= Horea, Cloșca and Crișan National College =

Horea, Cloșca and Crișan National College (Colegiul Național Horea, Cloșca și Crișan) is a high school located at 1 Decembrie 1918 Boulevard, nr. 11, Alba Iulia, Romania.

The school opened in February 1919, two months after the union of Transylvania with Romania. It occupied the building of the former Hungarian state school, and was named after Michael the Brave. There were four grades totaling 127 fee-exempt boy pupils and 45 fee-paying, of whom 37 were girls. A 1922 visit by Education Minister Constantin Angelescu, disturbed by the poor conditions, led to the allocation of funds for a new building, still in use. Work began in spring 1923, on a plot of land donated by private owners; the building was ready for use in the autumn of 1940.

During the interwar period, the school experienced a rich cultural and scientific life: a literary and scientific magazine was published; the library was expanded; museums of history, archaeology and natural sciences were set up; a small botanical garden was opened in the yard; societies were created for reading, music, sports, the Red Cross, Orthodox and Greek-Catholic activities.

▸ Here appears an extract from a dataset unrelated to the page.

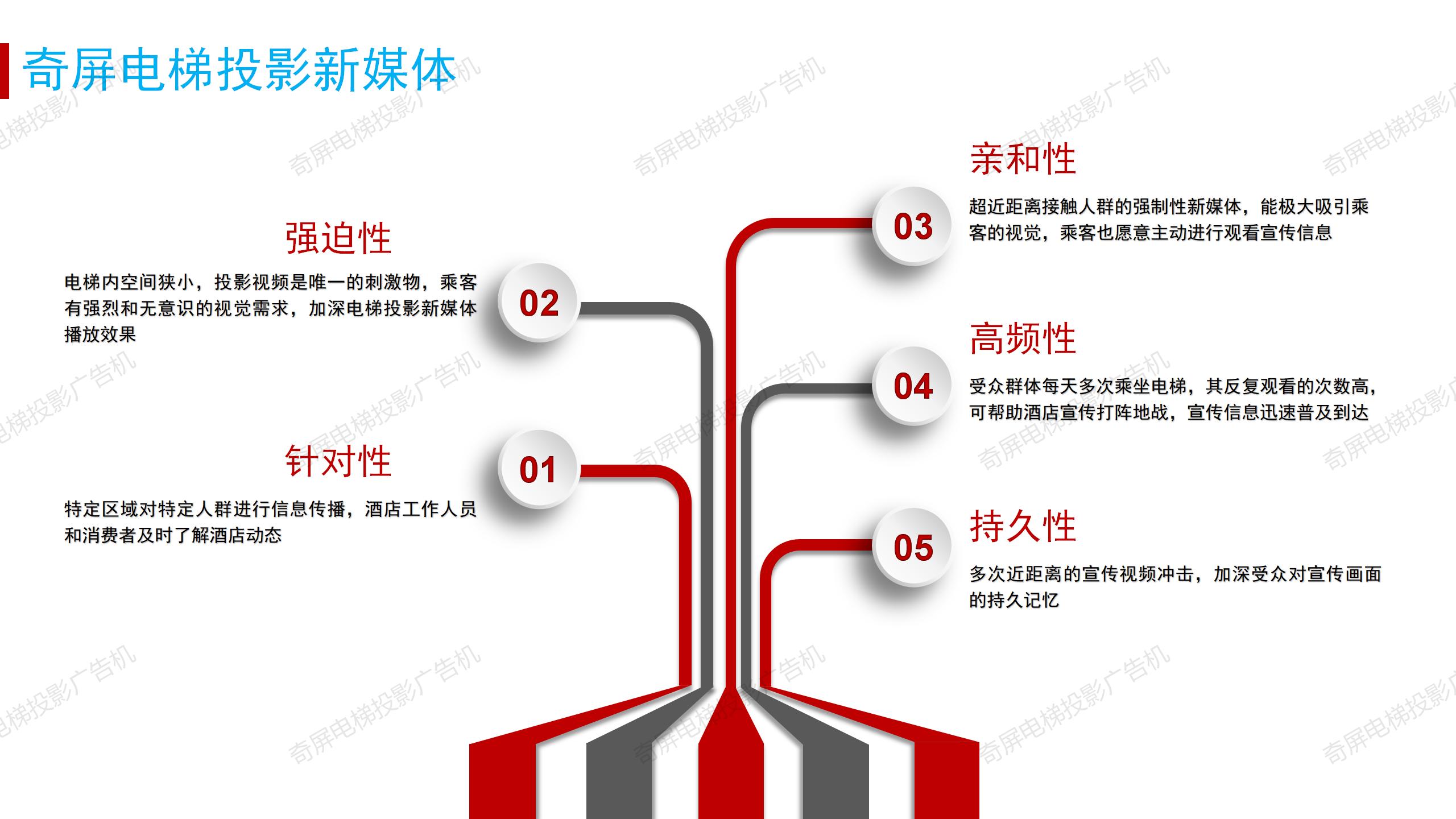 电梯投影新媒体—奇屏电梯投影广告机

In 1944–1945, near the end of World War II, the school closed, its building turned into a Soviet military hospital. Students returned for the 1945–1946 year, at which point their education started to be influenced by the Romanian Communist Party-dominated government of Petru Groza. Politically unreliable teachers were fired, courses were politicized, student publications were censored before being shut down, study of the Russian language was made compulsory while French, English and Italian were eliminated. Girls had been accepted as regular pupils by 1956, when the name of Michael the Brave was dropped. In 1960, it was named for the leaders of the Revolt of Horea, Cloșca and Crișan. The school was declared a national college in 1999.